Historic district in Texas, United States

The Kelly Field Historic District is located in southwestern San Antonio, Bexar County, Texas. It is the center portion of the base, east of the runways. The boundaries of the 1600 buildings are Billy Mitchell Road on the north, Wagner on the east, England on the south and S. Frank Luke Drive on the west. The 1700 block of officer quarters are bounded on the north by Chennault Street, the east and south by Chennault Circle, and Van Nostrand Drive on the west.
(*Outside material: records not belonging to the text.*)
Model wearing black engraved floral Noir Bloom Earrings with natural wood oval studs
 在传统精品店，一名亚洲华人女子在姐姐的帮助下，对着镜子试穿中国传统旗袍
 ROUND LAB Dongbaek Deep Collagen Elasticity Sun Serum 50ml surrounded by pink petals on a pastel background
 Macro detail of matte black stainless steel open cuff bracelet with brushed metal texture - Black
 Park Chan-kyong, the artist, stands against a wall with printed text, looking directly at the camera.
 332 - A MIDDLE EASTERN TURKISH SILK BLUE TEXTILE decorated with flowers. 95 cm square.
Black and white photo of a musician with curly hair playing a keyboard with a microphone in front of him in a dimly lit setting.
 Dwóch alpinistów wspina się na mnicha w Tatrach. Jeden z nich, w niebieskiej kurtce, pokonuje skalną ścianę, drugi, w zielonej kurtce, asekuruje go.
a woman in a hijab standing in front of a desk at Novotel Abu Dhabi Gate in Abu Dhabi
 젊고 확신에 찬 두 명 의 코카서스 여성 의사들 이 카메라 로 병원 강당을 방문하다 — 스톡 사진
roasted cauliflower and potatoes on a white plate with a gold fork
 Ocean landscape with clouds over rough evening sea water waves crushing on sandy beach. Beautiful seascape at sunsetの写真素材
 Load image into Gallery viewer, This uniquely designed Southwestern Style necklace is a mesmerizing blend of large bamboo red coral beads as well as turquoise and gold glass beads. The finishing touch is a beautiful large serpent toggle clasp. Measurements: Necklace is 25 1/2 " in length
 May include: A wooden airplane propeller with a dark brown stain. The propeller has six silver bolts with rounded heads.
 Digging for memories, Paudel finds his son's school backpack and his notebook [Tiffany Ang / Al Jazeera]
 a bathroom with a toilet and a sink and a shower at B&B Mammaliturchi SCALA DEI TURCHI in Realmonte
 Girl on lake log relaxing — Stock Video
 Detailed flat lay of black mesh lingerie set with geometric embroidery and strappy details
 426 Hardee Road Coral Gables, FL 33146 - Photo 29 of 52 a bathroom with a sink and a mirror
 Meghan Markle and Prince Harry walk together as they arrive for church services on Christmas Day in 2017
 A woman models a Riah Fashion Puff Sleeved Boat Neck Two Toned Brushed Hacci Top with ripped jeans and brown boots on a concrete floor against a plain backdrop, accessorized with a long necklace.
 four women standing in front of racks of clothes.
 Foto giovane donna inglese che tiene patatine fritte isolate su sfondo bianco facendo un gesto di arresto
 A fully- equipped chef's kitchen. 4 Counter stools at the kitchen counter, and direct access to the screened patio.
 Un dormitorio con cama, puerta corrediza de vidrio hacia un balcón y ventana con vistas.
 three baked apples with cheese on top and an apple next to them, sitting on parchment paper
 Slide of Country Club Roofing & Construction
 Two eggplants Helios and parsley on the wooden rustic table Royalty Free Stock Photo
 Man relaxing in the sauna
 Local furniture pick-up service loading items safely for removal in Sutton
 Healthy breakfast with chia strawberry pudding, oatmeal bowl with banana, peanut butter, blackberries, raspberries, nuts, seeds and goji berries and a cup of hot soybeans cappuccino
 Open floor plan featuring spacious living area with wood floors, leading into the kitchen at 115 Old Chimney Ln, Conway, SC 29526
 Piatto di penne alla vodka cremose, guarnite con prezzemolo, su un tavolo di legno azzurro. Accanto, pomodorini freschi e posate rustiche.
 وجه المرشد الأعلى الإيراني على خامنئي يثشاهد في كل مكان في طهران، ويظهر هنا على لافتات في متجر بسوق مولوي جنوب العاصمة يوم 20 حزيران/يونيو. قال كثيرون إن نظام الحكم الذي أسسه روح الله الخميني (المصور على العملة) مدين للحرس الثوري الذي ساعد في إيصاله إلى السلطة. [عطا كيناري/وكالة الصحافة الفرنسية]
The historic district contains 58 contributing and non-contributing buildings, structures, objects and sites, and was added to the National Register of Historic Places in 2003.

Camp Kelly was established on May 7, 1917, to be a US Army training facility for pilots and support staff during World War I. The first airplanes arrived on April 5, and on April 6 the United States declared war on Germany. The increased training activities necessitated more facilities and the acquisition of additional land. The original field became Kelly Field No. 1. The new facilities became Kelly Field No. 2. Military cut-backs followed the 1918 Armistice with Germany, and the two facilities ceased training pilots but functioned as supply depots. The two fields were re-designated in 1925 as Duncan Field (Kelly No. 1) and Kelly Field (Kelly No. 2). The latter included the Air Service Advanced Flying School where Charles Lindbergh earned his wings, graduating first in his class on March 14, 1925.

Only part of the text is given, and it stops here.